Are there plans for a new studio album by The Move?
Yes, it could happen. The reaction for this tour has been really-really good. Last year, we have been suggested to do a tour of England we thought to do only about 15 shows. But now, it seems that people want more. If this tour is successful, yeah hopefully we can do a new album.
When you recorded with The Move songs like “Brontosaurus” and “Disturbance” had you realized how revolutionary they were?
When we started The Move in 1966, we started as a very underground sort of band. We started in ’66 and we used to tour all the time with The Who, Cream and Jimi Hendrix. It was a very underground sort of band and then we had some hit records and some pop songs. When we went to Fillmore and got back, we started doing heavier stuff. But we always tried to experiment and do different things.
Did Tony Secunda’s (he managed The Moody Blues and Motorhead among others) management help or harm The Move? He did many crazy things!
He was a crazy man. Yes, he was! He was great to gain publicity and he used to make stories up. Some of the stories he just made up: When the master tapes of the first Move album had been stolen and then there were found by someone and he gave them back. They all were made up (laughs). When we had our first album finished, he made this story up. He used to make stories up all the time. But unfortunately he went way too far. He made that story about Harold Wilson, the Prime Minister (ed: he produced a cartoon postcard for “Flowers In The Rain” single, showing Harold Wilson in bed with his secretary), and that got us in really serious trouble. The Prime Minister sued us and that was too much. Then, we left him after that.
Are you proud that The Move’s single “Flowers in The Rain” was the first single played on BBC Radio 1 on 30 September 1967?
Oh, you have the exact date! Of course, it was a great honour and Tony Blackburn -we had met a few times since then- apparently liked the thunderstorm in the beginning of the record. He still works for BBC Radio 2. Yes, we are very proud of that.
Do you have any memories from The Move tour with The Jimi Hendrix Experience, Pink Floyd and The Nice in November and December 1967?

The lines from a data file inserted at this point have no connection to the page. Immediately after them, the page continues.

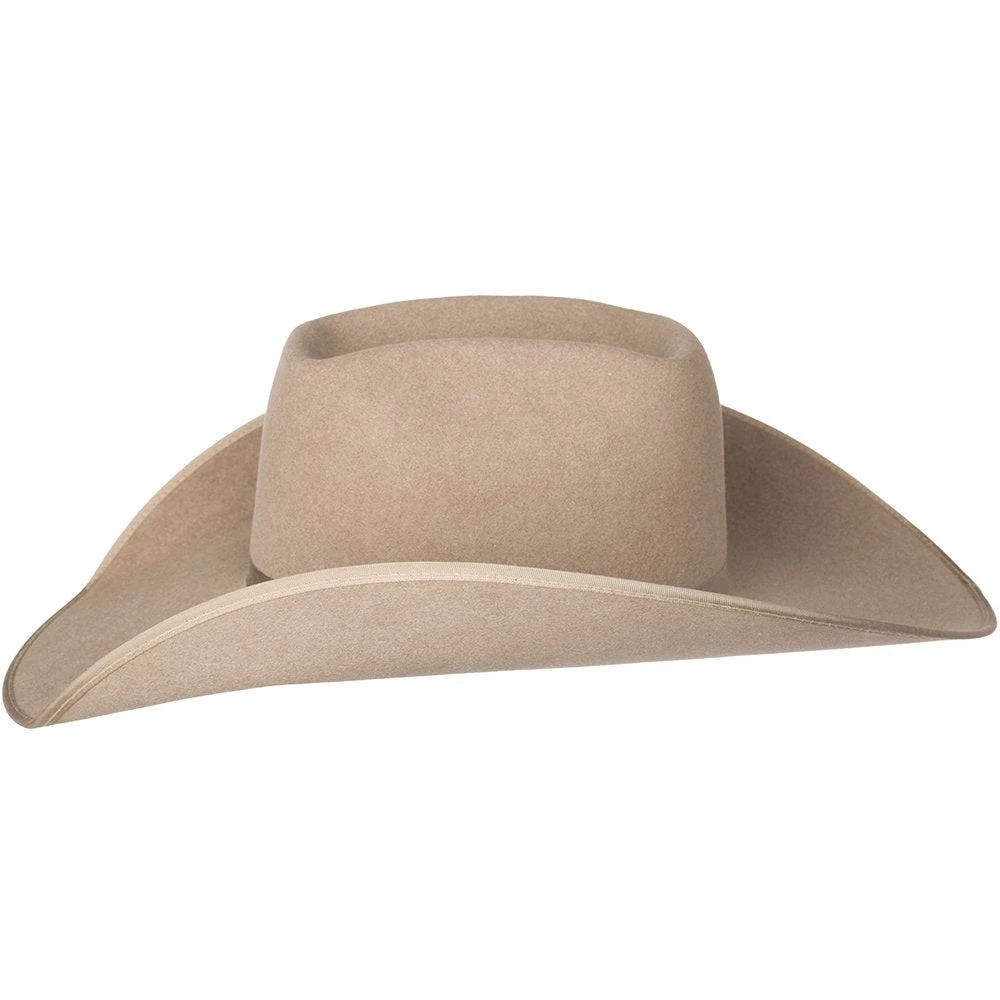 Rodeo King 7X Ash/Natural Bound Edge Open Crown 4-1/2in. Brim Natural Band Felt Cowboy Hat - Image 4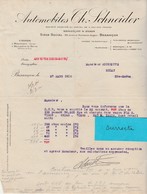 1) Lot De 10 Courriers 1916 / Automobiles Schneider Besançon Pour Usinage Obus / à Mougeotte Melay 52 - 1914-18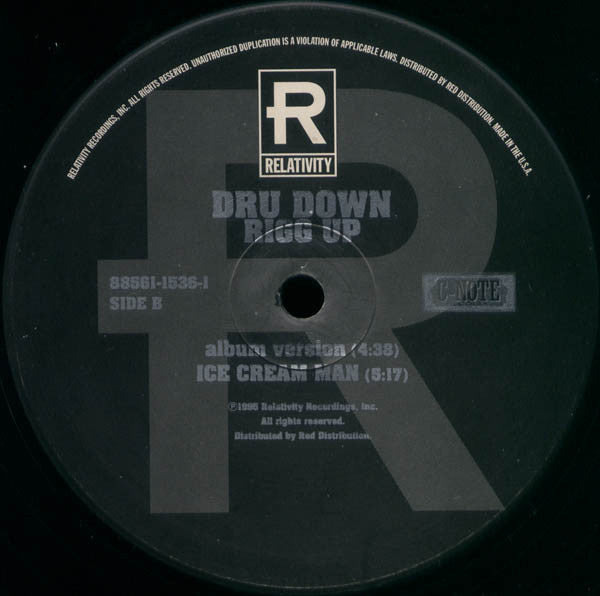 Dru Down Featuring Luniz : Rigg Up (12", Single)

Yes, indeed. The strange thing is that Pink Floyd just had two singles at the time: “See Emily Play” and “Arnold Layne”. That’s all they got to play. They only got to play those two songs. They had to open the show. It was kind of difficult to get to know them. But, we became really good friends with The Jimi Hendrix Experience: with Jimi and Noel (ed: Redding – bass) and Mitch (ed: Mitchell -drums). It’s shame that all of them are no longer with us, they are all dead men. We got on really-really well with them. It was a fantastic tour. We played two shows a night for three-four weeks. It was great then.
I have read many rumours and you may help me: Did you invite Hank Marvin (The Shadows guitarist) to join The Move?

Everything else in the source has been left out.